Talk no more so very proudly, let not arrogance come from your mouth; for the Lord is a God of knowledge, and by him actions are weighed. – 1 Samuel 2:3
Contemporary society is full of examples of what it looks like to celebrate self-assertiveness, human achievement, and a preoccupation with the “I/me/my” focus of our age that pays scant, if any, attention to God. He does not see, is the assumption; and if He does see, He does not mind. As believers we are not immune from any of this, for by nature our hearts love to assume that we ourselves are the fount of all knowledge—that we know best how we should think.
An inclination toward self-sufficiency and pride leads to some downplaying or even denying elements of biblical truth in their teaching and thinking. In the church today, God’s judgment and justice are surely such elements. They’re not easy to hear about or to proclaim, but they are central to the truth of the Bible. Paul writes that God will judge “the secrets of men by Christ Jesus” (Romans 2:16). We cannot hide anything from Him, though we are tempted to believe we can.

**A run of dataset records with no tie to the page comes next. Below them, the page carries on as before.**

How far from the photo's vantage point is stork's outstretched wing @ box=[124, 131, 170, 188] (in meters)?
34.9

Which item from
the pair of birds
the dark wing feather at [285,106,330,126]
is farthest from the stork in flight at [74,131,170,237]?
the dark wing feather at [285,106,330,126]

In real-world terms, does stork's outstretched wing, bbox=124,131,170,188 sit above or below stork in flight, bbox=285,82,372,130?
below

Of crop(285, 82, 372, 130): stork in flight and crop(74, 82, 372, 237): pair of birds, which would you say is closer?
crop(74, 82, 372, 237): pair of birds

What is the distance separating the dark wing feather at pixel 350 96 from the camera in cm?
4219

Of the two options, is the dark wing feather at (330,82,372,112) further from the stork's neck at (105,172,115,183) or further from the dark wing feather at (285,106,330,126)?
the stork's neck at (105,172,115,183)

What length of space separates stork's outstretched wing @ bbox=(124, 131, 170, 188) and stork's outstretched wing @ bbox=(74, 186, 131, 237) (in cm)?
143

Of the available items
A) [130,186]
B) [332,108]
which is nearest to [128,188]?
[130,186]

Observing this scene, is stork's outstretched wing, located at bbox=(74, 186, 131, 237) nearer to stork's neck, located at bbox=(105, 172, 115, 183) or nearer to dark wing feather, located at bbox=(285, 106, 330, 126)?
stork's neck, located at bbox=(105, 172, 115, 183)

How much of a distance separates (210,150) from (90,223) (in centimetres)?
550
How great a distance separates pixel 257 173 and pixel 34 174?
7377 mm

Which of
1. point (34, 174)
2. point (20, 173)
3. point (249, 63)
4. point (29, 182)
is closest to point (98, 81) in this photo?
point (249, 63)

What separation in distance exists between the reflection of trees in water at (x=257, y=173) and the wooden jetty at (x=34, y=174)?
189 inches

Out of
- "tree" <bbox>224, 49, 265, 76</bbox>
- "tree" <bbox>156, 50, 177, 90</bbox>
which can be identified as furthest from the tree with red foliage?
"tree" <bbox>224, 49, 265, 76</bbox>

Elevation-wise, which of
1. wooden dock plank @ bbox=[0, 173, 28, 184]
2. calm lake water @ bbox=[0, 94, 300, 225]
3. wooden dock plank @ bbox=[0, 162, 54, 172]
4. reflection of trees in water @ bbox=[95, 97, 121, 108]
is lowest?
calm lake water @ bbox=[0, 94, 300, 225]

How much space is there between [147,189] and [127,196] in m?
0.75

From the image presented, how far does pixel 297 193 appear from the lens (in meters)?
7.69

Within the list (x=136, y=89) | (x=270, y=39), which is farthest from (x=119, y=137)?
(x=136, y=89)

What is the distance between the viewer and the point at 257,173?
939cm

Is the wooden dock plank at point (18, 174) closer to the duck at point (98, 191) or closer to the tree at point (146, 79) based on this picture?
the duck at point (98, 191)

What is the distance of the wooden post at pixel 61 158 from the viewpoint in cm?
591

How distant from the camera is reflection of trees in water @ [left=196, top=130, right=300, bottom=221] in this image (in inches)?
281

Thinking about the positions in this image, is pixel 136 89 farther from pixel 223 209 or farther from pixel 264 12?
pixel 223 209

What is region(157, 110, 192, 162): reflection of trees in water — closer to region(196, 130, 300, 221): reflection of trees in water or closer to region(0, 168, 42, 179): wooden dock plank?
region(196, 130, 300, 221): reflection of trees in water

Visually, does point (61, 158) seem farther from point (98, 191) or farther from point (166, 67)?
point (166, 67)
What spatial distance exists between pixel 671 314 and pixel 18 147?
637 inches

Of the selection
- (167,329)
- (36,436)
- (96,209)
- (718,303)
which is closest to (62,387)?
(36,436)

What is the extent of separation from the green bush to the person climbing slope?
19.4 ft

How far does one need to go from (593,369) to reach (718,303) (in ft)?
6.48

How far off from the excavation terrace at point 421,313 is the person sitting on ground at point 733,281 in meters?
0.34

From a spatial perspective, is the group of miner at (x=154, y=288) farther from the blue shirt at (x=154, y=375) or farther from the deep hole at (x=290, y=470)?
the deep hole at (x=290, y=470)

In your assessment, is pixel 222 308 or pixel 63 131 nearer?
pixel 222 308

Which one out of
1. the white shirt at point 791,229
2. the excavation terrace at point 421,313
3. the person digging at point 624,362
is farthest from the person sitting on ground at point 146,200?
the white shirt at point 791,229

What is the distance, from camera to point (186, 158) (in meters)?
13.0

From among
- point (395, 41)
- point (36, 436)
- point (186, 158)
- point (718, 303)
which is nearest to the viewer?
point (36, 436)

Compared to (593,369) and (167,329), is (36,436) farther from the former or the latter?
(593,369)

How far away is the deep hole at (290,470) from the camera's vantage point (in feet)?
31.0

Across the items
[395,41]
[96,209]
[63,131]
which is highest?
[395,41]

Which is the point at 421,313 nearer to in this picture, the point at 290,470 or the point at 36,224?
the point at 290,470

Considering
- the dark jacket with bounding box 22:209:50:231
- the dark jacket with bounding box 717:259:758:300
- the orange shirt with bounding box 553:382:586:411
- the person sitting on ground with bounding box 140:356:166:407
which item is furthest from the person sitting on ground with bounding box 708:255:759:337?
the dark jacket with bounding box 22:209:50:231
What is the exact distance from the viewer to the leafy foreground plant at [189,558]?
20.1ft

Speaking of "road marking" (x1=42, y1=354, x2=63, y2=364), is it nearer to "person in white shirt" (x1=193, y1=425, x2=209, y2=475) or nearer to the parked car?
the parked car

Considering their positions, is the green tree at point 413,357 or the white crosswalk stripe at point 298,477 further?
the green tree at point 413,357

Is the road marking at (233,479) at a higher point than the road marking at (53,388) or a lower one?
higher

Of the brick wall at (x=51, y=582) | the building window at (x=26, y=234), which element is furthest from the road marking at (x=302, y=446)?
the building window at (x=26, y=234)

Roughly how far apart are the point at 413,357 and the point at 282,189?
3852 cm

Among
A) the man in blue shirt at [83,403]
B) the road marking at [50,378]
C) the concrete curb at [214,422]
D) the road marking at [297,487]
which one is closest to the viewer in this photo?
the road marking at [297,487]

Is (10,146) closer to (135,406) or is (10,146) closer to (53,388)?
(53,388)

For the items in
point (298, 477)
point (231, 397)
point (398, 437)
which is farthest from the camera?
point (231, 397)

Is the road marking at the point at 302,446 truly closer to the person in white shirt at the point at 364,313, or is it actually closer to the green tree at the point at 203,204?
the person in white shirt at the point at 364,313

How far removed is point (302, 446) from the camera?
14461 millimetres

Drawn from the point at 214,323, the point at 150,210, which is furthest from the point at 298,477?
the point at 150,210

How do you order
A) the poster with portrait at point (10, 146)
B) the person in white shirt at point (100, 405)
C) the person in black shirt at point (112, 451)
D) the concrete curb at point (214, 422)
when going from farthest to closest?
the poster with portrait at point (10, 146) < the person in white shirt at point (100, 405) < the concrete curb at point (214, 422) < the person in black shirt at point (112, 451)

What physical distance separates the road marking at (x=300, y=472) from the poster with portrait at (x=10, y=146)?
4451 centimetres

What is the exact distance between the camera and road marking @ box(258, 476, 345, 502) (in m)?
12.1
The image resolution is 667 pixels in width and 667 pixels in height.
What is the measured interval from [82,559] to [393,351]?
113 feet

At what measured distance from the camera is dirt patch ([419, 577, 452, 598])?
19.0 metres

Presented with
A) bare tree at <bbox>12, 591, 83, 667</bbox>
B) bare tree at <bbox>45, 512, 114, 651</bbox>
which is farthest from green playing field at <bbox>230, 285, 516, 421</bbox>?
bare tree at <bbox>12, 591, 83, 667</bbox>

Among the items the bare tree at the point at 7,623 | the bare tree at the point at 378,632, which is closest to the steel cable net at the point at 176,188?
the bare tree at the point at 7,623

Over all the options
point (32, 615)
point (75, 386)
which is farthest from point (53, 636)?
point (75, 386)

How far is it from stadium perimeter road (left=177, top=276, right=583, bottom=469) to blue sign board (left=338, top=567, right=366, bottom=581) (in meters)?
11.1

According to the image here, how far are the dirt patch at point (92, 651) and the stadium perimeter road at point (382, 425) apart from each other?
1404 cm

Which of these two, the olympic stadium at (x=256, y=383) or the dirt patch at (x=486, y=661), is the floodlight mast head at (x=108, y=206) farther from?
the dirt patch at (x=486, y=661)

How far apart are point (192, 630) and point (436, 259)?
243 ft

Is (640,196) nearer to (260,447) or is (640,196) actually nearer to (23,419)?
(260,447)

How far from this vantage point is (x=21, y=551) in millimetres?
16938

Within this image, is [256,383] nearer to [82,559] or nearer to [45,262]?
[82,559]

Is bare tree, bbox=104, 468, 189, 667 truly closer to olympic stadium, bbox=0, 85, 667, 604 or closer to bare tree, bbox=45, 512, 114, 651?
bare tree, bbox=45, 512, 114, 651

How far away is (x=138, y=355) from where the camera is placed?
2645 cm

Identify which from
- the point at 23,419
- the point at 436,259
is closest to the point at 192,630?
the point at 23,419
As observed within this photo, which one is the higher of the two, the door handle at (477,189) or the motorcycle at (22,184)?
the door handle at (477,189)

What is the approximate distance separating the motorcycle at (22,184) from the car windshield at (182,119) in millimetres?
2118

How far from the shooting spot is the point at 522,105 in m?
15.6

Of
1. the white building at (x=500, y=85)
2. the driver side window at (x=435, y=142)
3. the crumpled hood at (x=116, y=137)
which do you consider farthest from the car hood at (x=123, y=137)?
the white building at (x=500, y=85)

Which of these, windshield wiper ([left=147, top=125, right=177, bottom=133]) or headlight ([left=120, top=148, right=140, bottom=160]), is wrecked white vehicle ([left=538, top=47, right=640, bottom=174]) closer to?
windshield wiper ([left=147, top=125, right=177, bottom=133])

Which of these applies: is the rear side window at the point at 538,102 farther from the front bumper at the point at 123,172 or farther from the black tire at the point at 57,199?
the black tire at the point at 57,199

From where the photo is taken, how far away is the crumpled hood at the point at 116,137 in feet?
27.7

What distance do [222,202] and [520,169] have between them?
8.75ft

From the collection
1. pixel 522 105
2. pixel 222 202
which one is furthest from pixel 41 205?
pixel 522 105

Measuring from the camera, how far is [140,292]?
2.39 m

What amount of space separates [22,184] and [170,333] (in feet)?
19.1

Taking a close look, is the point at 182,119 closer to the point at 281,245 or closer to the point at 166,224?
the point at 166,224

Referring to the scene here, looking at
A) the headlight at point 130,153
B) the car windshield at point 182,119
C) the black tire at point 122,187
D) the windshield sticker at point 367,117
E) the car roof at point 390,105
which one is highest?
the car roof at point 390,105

He knows our hearts, and by this Lord of knowledge “actions are weighed.”
In Daniel 5, we see how the Babylonian king Belshazzar discovered the folly of an arrogance that caused him to exalt himself above the God of knowledge. In the middle of a great feast celebrating himself, using drinking vessels that had been stolen from the Lord’s temple, a hand was sent from the presence of God, appearing on a wall and writing words of judgment—and Belshazzar was reduced to a shaking mass. Daniel interpreted the message for him, saying, “The Most High God rules the kingdom of mankind and sets over it whom he will. And you his son, Belshazzar, have not humbled your heart, though you knew all this, but you have lifted up yourself against the Lord of heaven … And you have praised the gods of silver and gold, of bronze, iron, wood, and stone, which do not see or hear or know, but the God in whose hand is your breath, and whose are all your ways, you have not honored” (Daniel 5:21-23). In the end, Belshazzar had “been weighed in the balances and found wanting” (v 27), and “that very night” he “was killed” (v 30). He thought he knew best. He did not.
It is folly to imagine that God does not see, does not know, and will not act. He knows everything about us, and He weighs our actions. As Hannah knew and Belshazzar discovered too late, self-exaltation leads to judgment; but humility before the Lord is the way to life. So, be careful not to pridefully declare that you want things your own way in one area or another and therefore refuse Jesus’ kingship over that aspect of your life. Be careful not to live as though God does not know, and therefore refrain from humble repentance. Instead, humble yourself before the Lord, confessing to Him what He already knows and asking forgiveness for proud thoughts or selfish actions—and “he will exalt you” (James 4:10).